◆ What you have to do ◆
Everything from the opening line of the listing below to the line that has "This charming kitchen", inclusive, should be returned exactly, except the pictures.

- - -

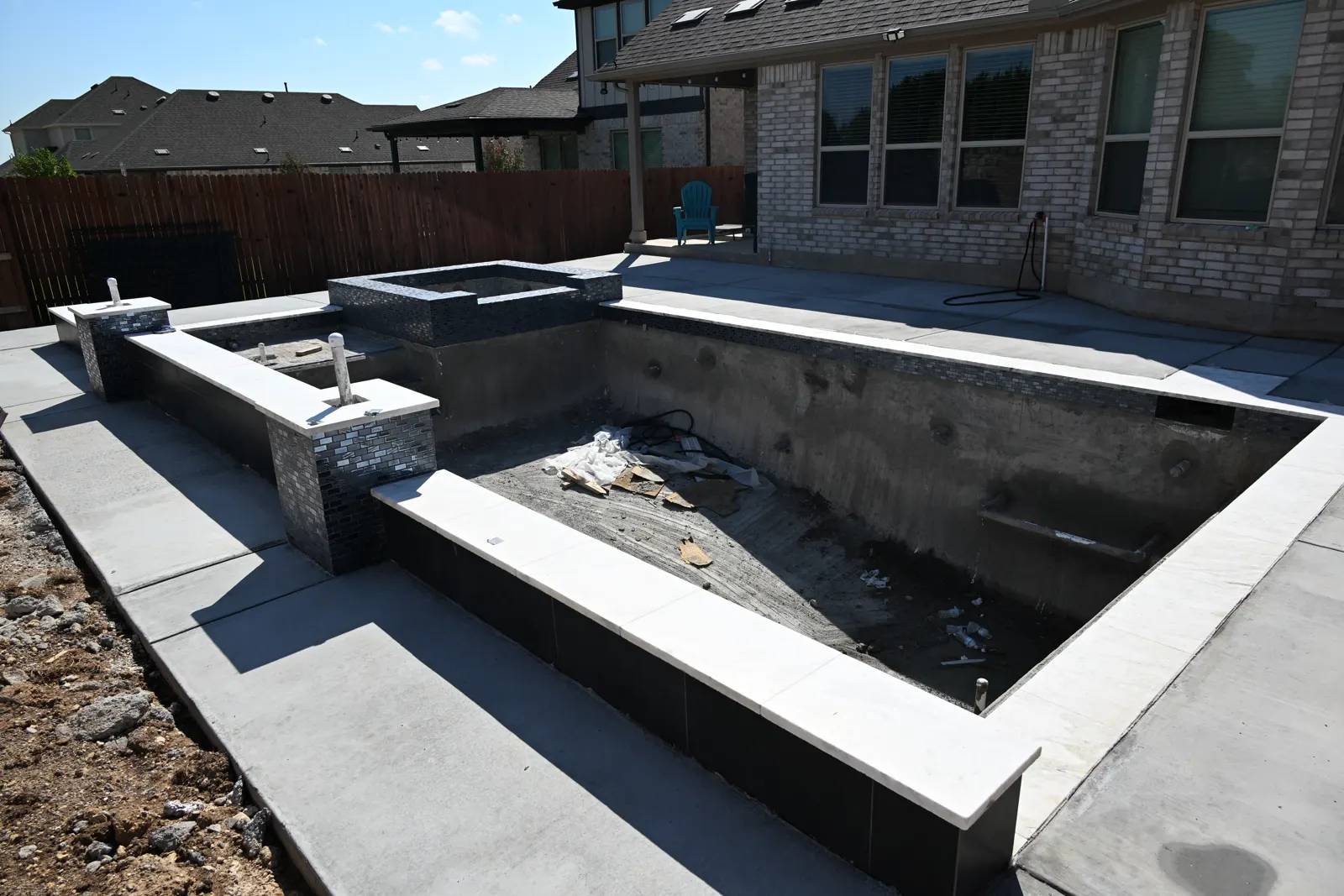 Rectangular shell with a raised tiled wall and spa, deck poured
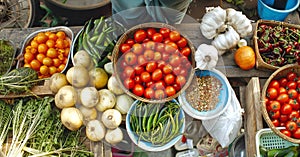 Fresh vegetables on display at a market stall. Assortment of organic produce at a local market. Concept of healthy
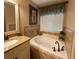 Bathroom with granite counters, tub, and separate tile accents at 2380 Emerald Dr, Loganville, GA 30052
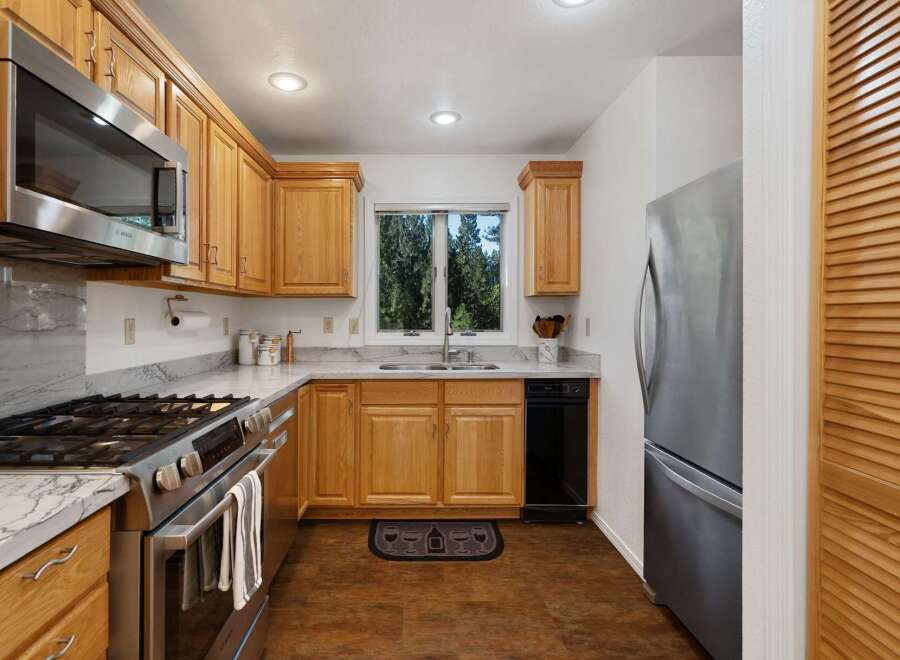 This charming kitchen features warm oak cabinetry complemented by sleek stainless steel appliances, including a gas range and microwave.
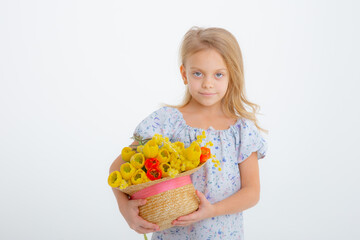 cute little blonde girl in a dress holding a bouquet of spring flowers on a white background. A child holds a bouquet of yellow tulips isolated on a white background.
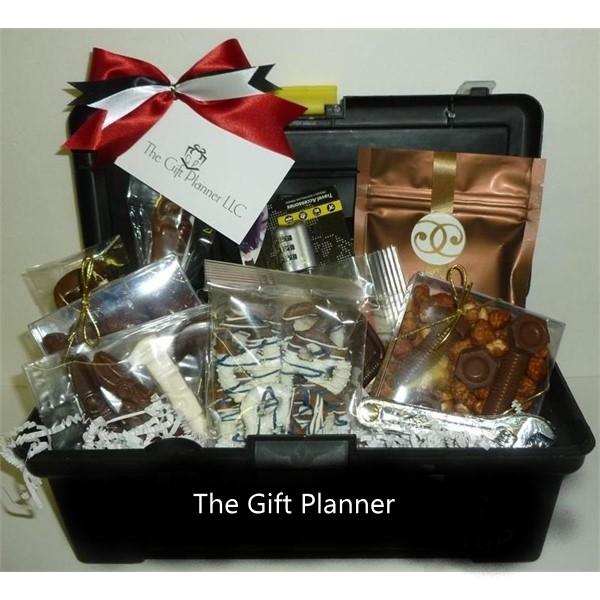 Black Plastic toolbox filled with gourmet food and snacks. An industry themed gift basket filled with chocolate tools, chocolate covered pretzels, chocolate bolts and nuts and other gourmet items perfect for any contractor or construction company!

- - -

◆ Final answer ◆
 Rectangular shell with a raised tiled wall and spa, deck poured
 Fresh vegetables on display at a market stall. Assortment of organic produce at a local market. Concept of healthy
 Bathroom with granite counters, tub, and separate tile accents at 2380 Emerald Dr, Loganville, GA 30052
 This charming kitchen features warm oak cabinetry complemented by sleek stainless steel appliances, including a gas range and microwave.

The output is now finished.